The survival of the building, originally built as a home and office for the family business trading birds’ nests with China, is a rare success story in a city that harbours little sentiment – or legal protections – for historic architectural gems.

“It’s because people want to make more money – that’s the bottom line,” Bangkok-based American architect Bill Bensley told AFP.

The city’s breakneck reinvention over recent years has seen gleaming malls and flashy condos fly up, and buildings like the art deco Scala movie theatre and 1920s British embassy come down.

Thai law only protects properties over 100 years old and there is limited political enthusiasm for safeguarding old architecture at the expense of profitable development.

People walk past a rusted car in the Talad Noi neighbourhood of Bangkok; and Pijitra Siriaiyara jumps into the swimming pool during a scuba diving lesson at the So Heng Tai mansion.
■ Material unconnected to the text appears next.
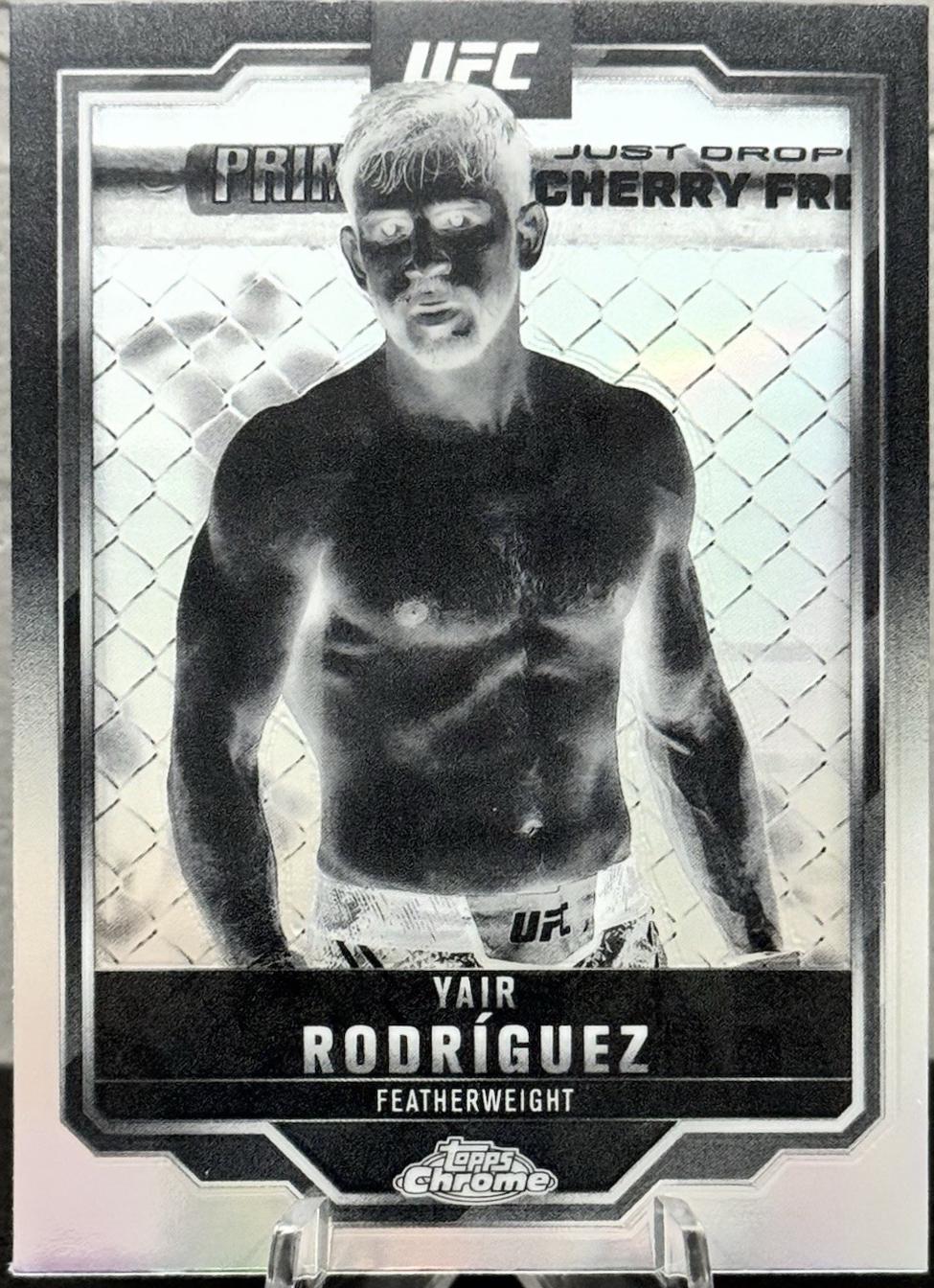 Yair Rodríguez 2025 Topps Chrome UFC Base #95 Negative Refractor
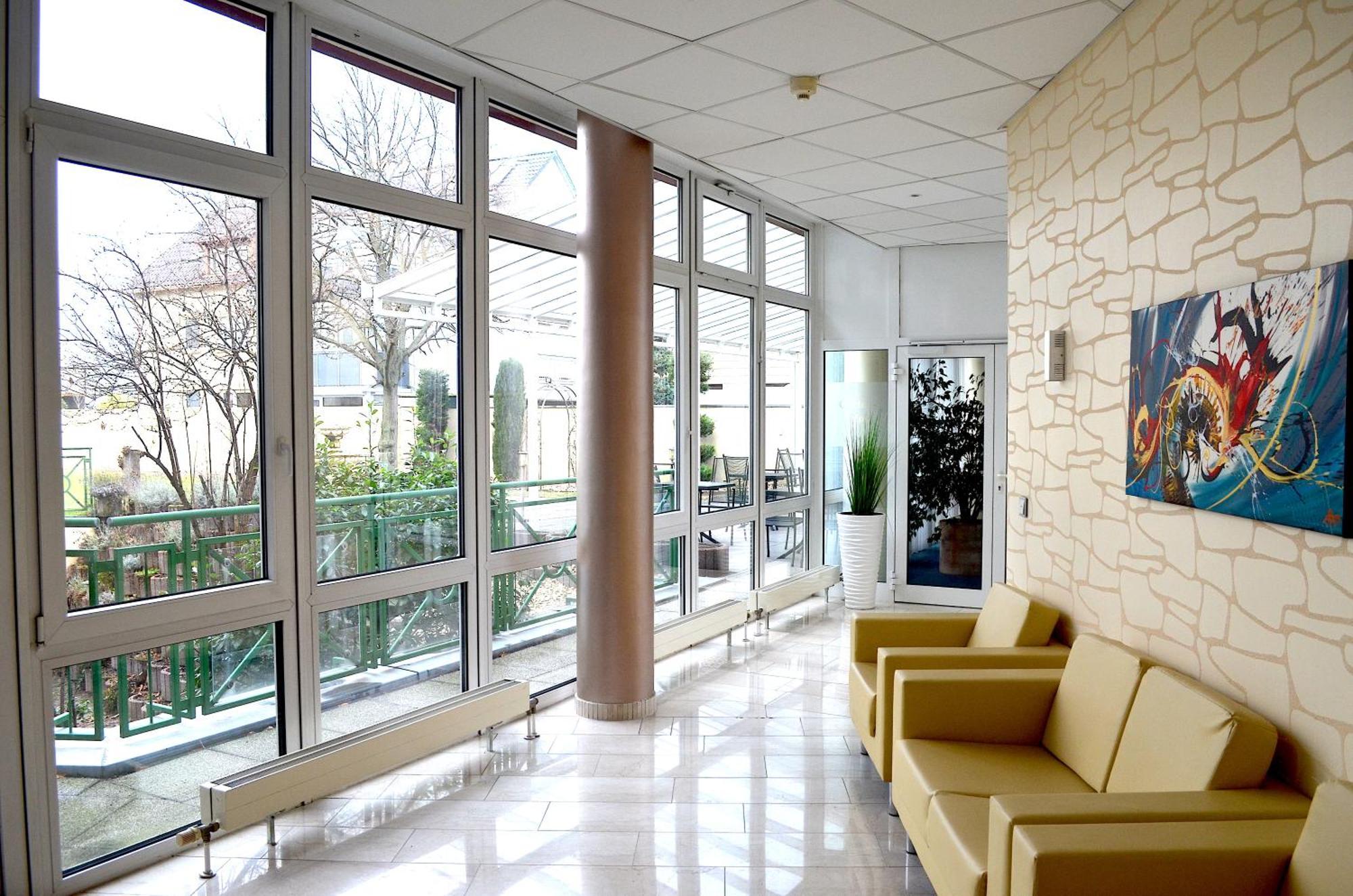 Weber Hotel MHG Kültér fotó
PHOTOS: AFP

Owner of the So Heng Tai mansion Poosak Posayachinda in the courtyard of the property
People walk past the Rong Kuak Shrine in the Talad Noi neighbourhood

For families with historic properties, the annual costs of maintenance can be a huge liability, according to historian and archaeologist Phacha Phanomvan.

“We don’t have a lottery fund or trust body that comes in to save heritage,” she said.

So in 2004 Poosak installed a four-metre-deep pool in the So Heng Tai courtyard, subsequently teaching more than 6,000 students.

The diving school has helped pay the bills on the property’s upkeep, which Poosak estimates at up to USD25,000 a year, but maintenance is a struggle.

“On a rainy day you find lots of water spots. Sooner or later we will have to do the whole roof again and that’s a lot of money,” Poosak told AFP.

While the Culture Ministry keeps a national heritage database, Phacha said many properties are not registered and fall through the cracks.

“For individual owners without state assistance… it’s better for them to sell the property. Sell the individual building and then sell the (land),” she said.

Adding to the challenge is a growing collectors’ market for teak from Thai wooden houses, she said – some are even dismantled, relocated, and reassembled to become boutique hotels elsewhere.

“You want to keep these properties where they are… You’re essentially robbing Bangkok of its (history),” she said.

Photographer Ben Davies spent five years documenting neighbourhoods for his book Vanishing Bangkok, an experience that left him despondent.

“Something like (30-40 per cent) of the buildings and communities I photographed had either disappeared or changed virtually beyond recognition,” he told AFP.

And in the rush to develop, Davies said it is unclear how much of Bangkok’s heritage will remain in a decade.

“I have a horrible feeling that one day Bangkok will be, outside of its temples and few palaces, (a) unrecognisable but (b) have lost so much of its identity and character so it will look like any other megacity around Asia,” he said.

Elsewhere in the region offers Thailand possible solutions, notably Singapore which has won praise since the late 1980s for its heritage protection efforts.

Its strategy examines the entire city-island holistically with conservation going hand-in-hand with planning, said an architectural history expert at the Singapore University of Technology and Design Yeo Kang Shua.

Underpinning the scheme is the “three R” principles: maximum retention of buildings, sensitive restoration and careful repair.

“In the 1980s a lot of owners deemed it a death sentence for their properties to be given conservation status, but today because of the rarity of such buildings in Singapore, the real estate prices are… enormous,” he told AFP.

Despite the challenging environment, there are some signs of change in Bangkok.

In recent years a prominent Sino-Thai business family renovated dilapidated Chinese 1850s warehouses, turning them into the Lhong 1919 “riverside heritage destination”.

It now houses a shrine and has become a space for exhibitions, concerts, pop-ups, cafes and food vans – and there are plans for a wellness resort.

Back at So Heng Thai, Poosak takes his students through their paces.

Channelling the attitude of his ancestors – who came to Thailand with “one pillow and one mattress” – he’s determined to save his family home.

“If someone comes to give me an offer, the answer is no, simple as that, no matter how much it is,” he said.